La primera es que reina en ciertas esferas una asombrosa falta de información, por decir lo menos, respecto de los sistemas de protección de derechos humanos como el interamericano. A diferencia de otros instrumentos internacionales, los de derechos humanos no crean potestades, y menos derechos, a favor de los estados, sino básicamente deberes y obligaciones. Quienes gozan de derechos bajo estos sistemas son los individuos, por sí mismos u organizados. Ellos –no los gobiernos– son su eje central.

Por esto es que cualquier iniciativa que incida en un sistema de protección de derechos humanos debe contar con un vasto respaldo de sus usuarios, de las víctimas y, en general, de la sociedad civil. Nada de eso pasó en Guayaquil. Los usuarios del sistema interamericano fueron ignorados. Habría sido interesante preguntarles a ellos –a los perseguidos, los torturados, los familiares de los desaparecidos, etcétera– si les parecía bien quitarle a la CIDH la potestad de emitir cautelares.

Igual desconocimiento afloró de elementales nociones del derecho internacional. No solo que los textos de los instrumentos son claros sobre la competencia de la CIDH para emitir cautelares, sino que su otorgamiento ha sido una práctica aceptada. La práctica en la ejecución de tratados es un hecho clave en su interpretación. Como tampoco puede ignorarse el efecto que tiene para el Ecuador la declaración que ha hecho este gobierno de reconocer la fuerza vinculante de ellas, y el que hasta él mismo las haya solicitado en ocasiones. En derecho internacional la práctica y las declaraciones unilaterales, así como la costumbre no pueden ignorarse.

La segunda cosa fue la ausencia en este debate de casi todas las asociaciones civiles (académicas, profesionales, empresariales, etcétera) de la sociedad ecuatoriana. Han sido más bien las asociaciones civiles de otras naciones, especialmente del Cono Sur, las más alarmadas y activas. Con la oposición sucedió cosa igual, ausencia completa.

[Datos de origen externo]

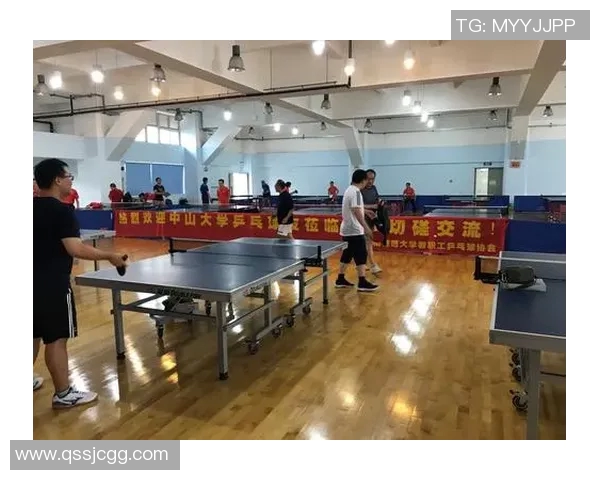 广州乒乓球队团队协作的成功经验与发展策略分析 广州乒乓球队团队协作的成功经验与发展策略分析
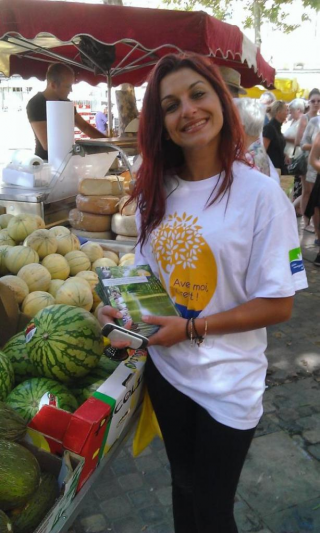 Offre Emploi National Street Marketing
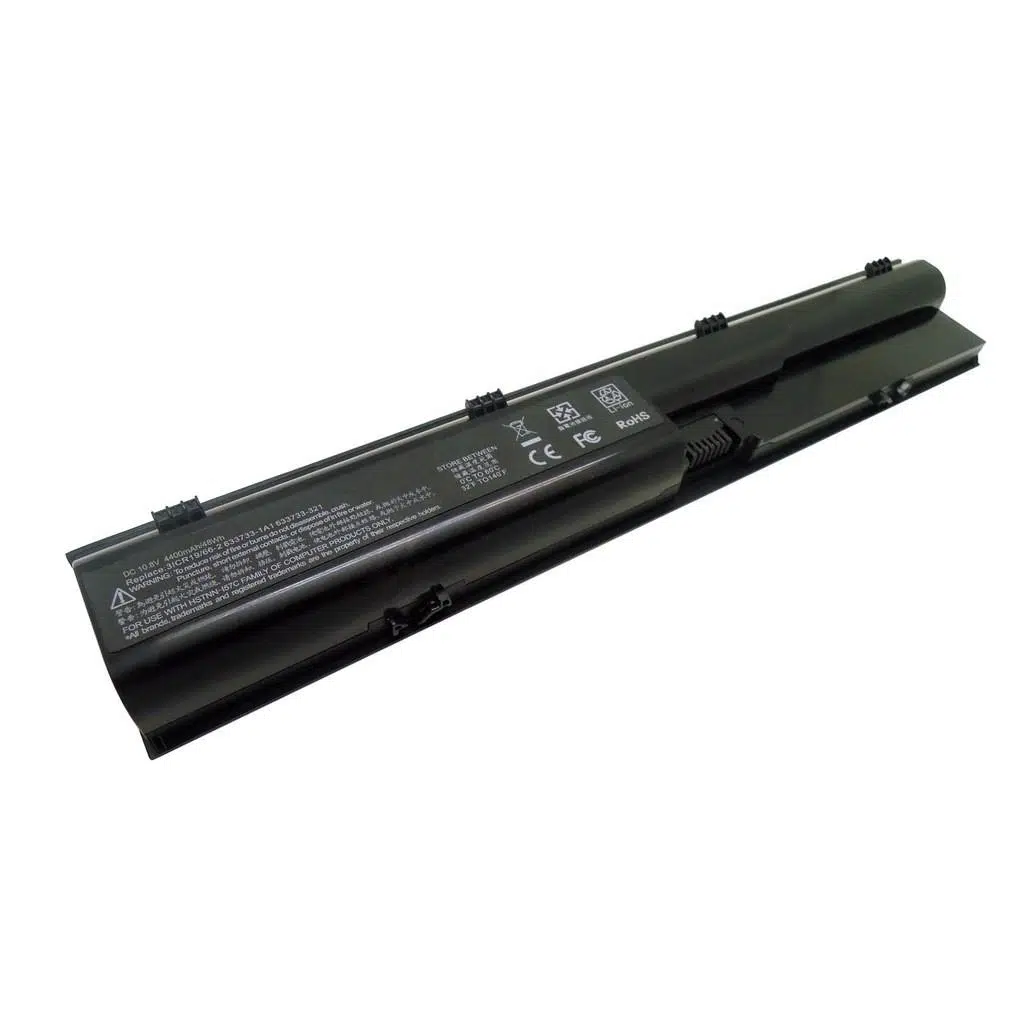 Hp 3ICR19/66-2 Batarya Pil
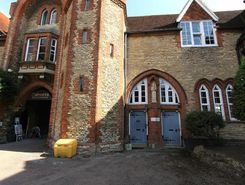 Listing main image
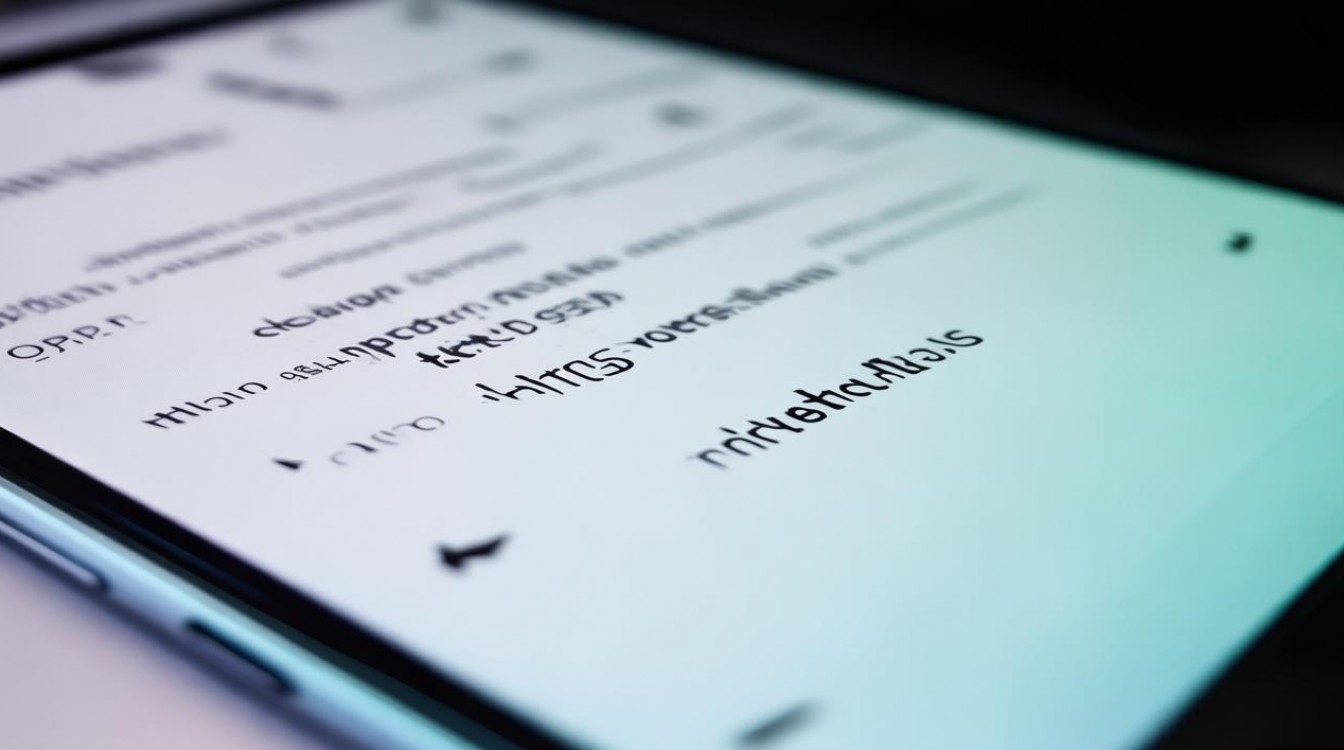 OPPO手机系统怎么自定义设置专属铃声?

Con este escenario de anomía, temor o de desorganización, ya puede uno imaginarse a nuestro país una vez aprobados la ley mordaza, el Código Penal y la ley de Telecomunicación.

La tercera fue la admirable resistencia que ha encontrado la iniciativa de restarle competencias a la CIDH en la gran mayoría de los gobiernos del hemisferio. Es probable que ello refleje la convicción íntima de sus líderes de que semejante propuesta es incompatible con sociedades democráticas y modernas del siglo XXI, especialmente los líderes de aquellas naciones que sufrieron la pesadilla totalitaria. O es probable que lo hagan movidos por la vergüenza de ser estigmatizados por el mundo como los responsables de haber debilitado un sistema de protección de derechos humanos. Convicción democrática o vergüenza de aparecer no tenerla, lo cierto es que se derrotó a la iniciativa.